Give the listing again character for character, but drop the images.

Collected material START

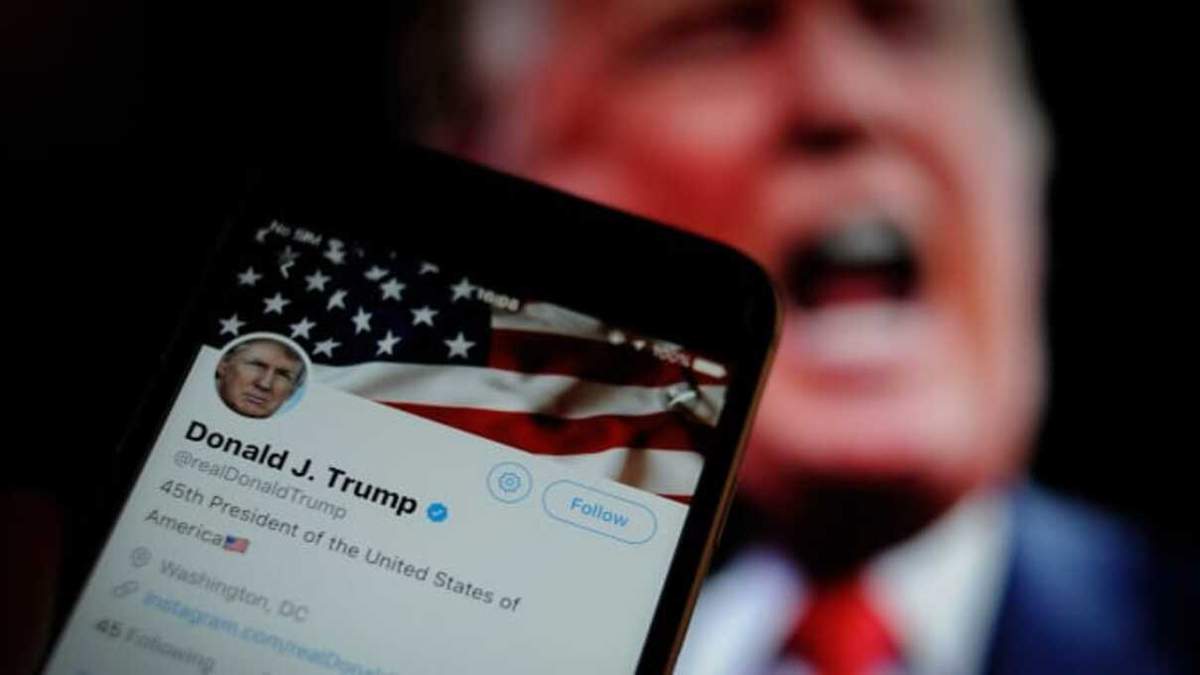 Трамп отреагировал на блокирование аккаунта в твиттере: что сказал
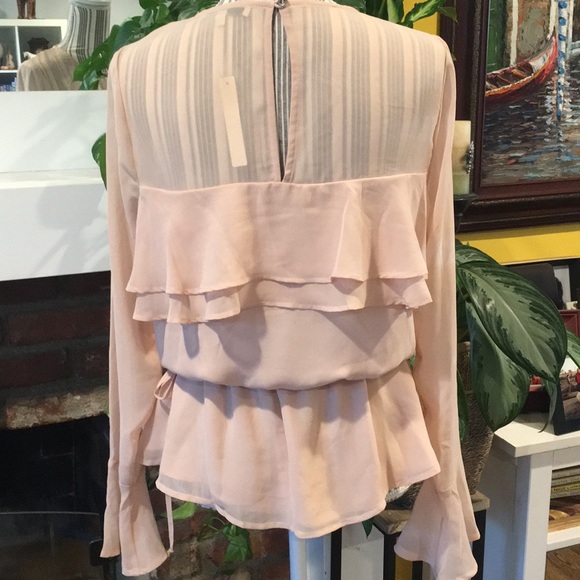 June and Hudson semi bell long sleeve shirt! - Picture 2 of 8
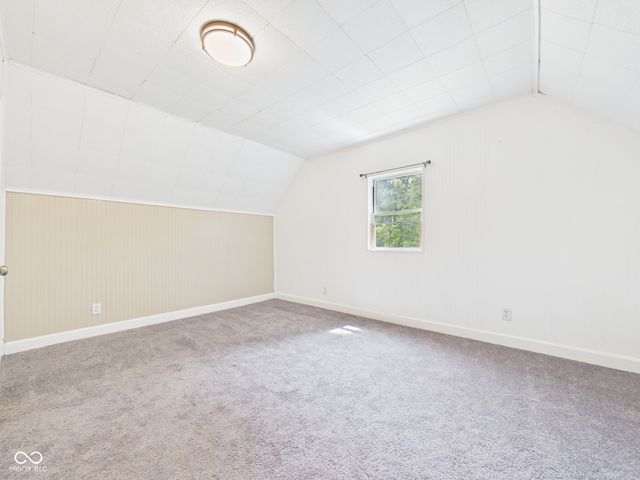 558 Central Avenue, Middletown, IN 47356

Collected material END

> **Output**
 Трамп отреагировал на блокирование аккаунта в твиттере: что сказал
 June and Hudson semi bell long sleeve shirt! - Picture 2 of 8
 558 Central Avenue, Middletown, IN 47356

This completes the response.